▸ **Data records**:
-----

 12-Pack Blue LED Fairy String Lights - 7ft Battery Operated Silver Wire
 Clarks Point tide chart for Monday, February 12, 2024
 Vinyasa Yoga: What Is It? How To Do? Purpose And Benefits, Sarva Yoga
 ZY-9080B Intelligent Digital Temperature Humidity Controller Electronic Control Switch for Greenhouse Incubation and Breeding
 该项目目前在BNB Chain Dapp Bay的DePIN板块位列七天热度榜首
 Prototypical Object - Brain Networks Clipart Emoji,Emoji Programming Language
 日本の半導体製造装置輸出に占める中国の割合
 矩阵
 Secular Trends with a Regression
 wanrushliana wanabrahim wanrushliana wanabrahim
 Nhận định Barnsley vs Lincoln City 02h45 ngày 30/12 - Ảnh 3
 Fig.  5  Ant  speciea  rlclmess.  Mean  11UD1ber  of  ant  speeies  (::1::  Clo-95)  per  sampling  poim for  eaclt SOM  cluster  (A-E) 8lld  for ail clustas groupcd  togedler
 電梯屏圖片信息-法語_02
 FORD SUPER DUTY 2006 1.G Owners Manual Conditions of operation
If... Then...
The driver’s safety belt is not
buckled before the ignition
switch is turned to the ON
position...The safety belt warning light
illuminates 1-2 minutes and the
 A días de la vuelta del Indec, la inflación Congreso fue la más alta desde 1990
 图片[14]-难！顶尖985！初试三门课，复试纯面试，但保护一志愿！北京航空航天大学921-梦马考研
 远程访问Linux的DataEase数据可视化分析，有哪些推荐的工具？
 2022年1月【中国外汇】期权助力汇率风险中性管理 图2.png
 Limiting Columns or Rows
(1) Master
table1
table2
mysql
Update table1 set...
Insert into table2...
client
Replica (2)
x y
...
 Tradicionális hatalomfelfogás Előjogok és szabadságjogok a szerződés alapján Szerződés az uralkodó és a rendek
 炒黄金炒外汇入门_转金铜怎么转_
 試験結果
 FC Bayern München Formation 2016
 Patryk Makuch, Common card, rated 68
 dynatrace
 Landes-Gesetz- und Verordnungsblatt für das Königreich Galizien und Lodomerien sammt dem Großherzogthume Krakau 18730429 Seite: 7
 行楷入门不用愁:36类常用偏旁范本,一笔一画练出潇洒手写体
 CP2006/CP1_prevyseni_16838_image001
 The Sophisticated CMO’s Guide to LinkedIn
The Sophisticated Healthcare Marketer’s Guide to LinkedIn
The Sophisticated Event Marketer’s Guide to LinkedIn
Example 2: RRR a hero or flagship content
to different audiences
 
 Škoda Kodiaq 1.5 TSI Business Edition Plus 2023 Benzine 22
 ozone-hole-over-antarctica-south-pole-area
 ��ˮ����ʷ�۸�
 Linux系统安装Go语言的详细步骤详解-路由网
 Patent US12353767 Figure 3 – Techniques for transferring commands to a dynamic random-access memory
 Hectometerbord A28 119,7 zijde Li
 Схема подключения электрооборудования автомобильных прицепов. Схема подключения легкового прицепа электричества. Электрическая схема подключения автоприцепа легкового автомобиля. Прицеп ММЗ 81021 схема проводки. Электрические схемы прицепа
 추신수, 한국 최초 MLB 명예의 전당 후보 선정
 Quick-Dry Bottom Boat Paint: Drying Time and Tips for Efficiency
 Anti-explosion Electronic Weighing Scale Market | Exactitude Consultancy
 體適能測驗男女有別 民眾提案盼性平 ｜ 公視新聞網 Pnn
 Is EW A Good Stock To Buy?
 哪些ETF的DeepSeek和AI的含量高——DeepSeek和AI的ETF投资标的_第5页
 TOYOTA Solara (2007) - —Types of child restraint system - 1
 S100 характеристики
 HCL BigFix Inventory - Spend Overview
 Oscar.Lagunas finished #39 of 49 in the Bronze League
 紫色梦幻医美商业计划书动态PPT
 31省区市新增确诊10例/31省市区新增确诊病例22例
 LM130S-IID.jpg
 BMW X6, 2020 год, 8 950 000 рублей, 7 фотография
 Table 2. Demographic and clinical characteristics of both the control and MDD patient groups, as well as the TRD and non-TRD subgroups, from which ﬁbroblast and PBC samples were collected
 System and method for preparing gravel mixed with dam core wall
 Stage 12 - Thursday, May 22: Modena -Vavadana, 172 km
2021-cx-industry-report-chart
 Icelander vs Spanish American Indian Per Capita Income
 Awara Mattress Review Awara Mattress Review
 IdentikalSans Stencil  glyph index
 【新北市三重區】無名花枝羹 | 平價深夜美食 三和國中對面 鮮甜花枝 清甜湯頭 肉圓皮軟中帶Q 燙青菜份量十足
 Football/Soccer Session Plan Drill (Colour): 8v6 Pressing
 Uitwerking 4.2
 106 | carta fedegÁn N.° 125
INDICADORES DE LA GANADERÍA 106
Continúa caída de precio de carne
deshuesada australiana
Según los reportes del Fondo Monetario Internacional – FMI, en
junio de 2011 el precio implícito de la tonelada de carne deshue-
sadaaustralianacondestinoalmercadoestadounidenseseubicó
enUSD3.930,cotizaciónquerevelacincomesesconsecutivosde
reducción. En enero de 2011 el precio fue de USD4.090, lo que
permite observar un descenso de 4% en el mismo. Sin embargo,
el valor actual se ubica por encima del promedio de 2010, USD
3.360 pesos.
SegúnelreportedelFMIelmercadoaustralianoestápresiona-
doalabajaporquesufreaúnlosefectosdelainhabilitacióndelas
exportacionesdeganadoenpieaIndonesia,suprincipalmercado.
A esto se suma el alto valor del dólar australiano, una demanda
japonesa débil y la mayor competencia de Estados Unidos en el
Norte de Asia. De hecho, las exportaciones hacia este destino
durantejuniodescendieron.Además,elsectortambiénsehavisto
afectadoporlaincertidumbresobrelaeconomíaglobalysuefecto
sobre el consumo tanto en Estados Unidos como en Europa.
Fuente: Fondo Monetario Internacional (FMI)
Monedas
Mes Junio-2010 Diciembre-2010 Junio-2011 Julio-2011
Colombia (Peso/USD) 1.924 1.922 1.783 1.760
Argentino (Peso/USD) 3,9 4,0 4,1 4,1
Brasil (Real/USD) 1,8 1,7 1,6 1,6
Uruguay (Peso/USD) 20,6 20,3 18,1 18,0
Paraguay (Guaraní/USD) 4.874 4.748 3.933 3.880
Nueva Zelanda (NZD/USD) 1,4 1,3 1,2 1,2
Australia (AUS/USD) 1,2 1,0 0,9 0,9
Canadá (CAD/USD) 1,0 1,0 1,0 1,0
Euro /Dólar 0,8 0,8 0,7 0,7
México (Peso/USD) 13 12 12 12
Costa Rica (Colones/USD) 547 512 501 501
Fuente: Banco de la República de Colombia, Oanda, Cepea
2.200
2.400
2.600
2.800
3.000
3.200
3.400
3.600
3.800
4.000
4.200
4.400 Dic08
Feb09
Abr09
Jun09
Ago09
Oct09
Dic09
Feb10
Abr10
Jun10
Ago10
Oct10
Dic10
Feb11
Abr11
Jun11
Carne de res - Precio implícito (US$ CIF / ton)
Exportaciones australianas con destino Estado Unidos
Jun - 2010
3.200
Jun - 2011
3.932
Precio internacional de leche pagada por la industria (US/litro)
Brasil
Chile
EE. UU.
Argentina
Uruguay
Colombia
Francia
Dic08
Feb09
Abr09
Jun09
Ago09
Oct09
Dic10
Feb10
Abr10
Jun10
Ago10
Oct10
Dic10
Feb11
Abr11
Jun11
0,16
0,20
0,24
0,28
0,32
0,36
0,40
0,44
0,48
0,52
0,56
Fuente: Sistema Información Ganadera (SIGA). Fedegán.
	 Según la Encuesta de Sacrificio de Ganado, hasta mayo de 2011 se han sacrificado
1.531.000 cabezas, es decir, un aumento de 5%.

-----

▸ **Assignment**:
Lines from the top of the data above through the line with "Škoda Kodiaq 1.5", both ends included: copy them exactly, nothing more.

▸ **Answer for the task**:
 12-Pack Blue LED Fairy String Lights - 7ft Battery Operated Silver Wire
 Clarks Point tide chart for Monday, February 12, 2024
 Vinyasa Yoga: What Is It? How To Do? Purpose And Benefits, Sarva Yoga
 ZY-9080B Intelligent Digital Temperature Humidity Controller Electronic Control Switch for Greenhouse Incubation and Breeding
 该项目目前在BNB Chain Dapp Bay的DePIN板块位列七天热度榜首
 Prototypical Object - Brain Networks Clipart Emoji,Emoji Programming Language
 日本の半導体製造装置輸出に占める中国の割合
 矩阵
 Secular Trends with a Regression
 wanrushliana wanabrahim wanrushliana wanabrahim
 Nhận định Barnsley vs Lincoln City 02h45 ngày 30/12 - Ảnh 3
 Fig.  5  Ant  speciea  rlclmess.  Mean  11UD1ber  of  ant  speeies  (::1::  Clo-95)  per  sampling  poim for  eaclt SOM  cluster  (A-E) 8lld  for ail clustas groupcd  togedler
 電梯屏圖片信息-法語_02
 FORD SUPER DUTY 2006 1.G Owners Manual Conditions of operation
If... Then...
The driver’s safety belt is not
buckled before the ignition
switch is turned to the ON
position...The safety belt warning light
illuminates 1-2 minutes and the
 A días de la vuelta del Indec, la inflación Congreso fue la más alta desde 1990
 图片[14]-难！顶尖985！初试三门课，复试纯面试，但保护一志愿！北京航空航天大学921-梦马考研
 远程访问Linux的DataEase数据可视化分析，有哪些推荐的工具？
 2022年1月【中国外汇】期权助力汇率风险中性管理 图2.png
 Limiting Columns or Rows
(1) Master
table1
table2
mysql
Update table1 set...
Insert into table2...
client
Replica (2)
x y
...
 Tradicionális hatalomfelfogás Előjogok és szabadságjogok a szerződés alapján Szerződés az uralkodó és a rendek
 炒黄金炒外汇入门_转金铜怎么转_
 試験結果
 FC Bayern München Formation 2016
 Patryk Makuch, Common card, rated 68
 dynatrace
 Landes-Gesetz- und Verordnungsblatt für das Königreich Galizien und Lodomerien sammt dem Großherzogthume Krakau 18730429 Seite: 7
 行楷入门不用愁:36类常用偏旁范本,一笔一画练出潇洒手写体
 CP2006/CP1_prevyseni_16838_image001
 The Sophisticated CMO’s Guide to LinkedIn
The Sophisticated Healthcare Marketer’s Guide to LinkedIn
The Sophisticated Event Marketer’s Guide to LinkedIn
Example 2: RRR a hero or flagship content
to different audiences
 
 Škoda Kodiaq 1.5 TSI Business Edition Plus 2023 Benzine 22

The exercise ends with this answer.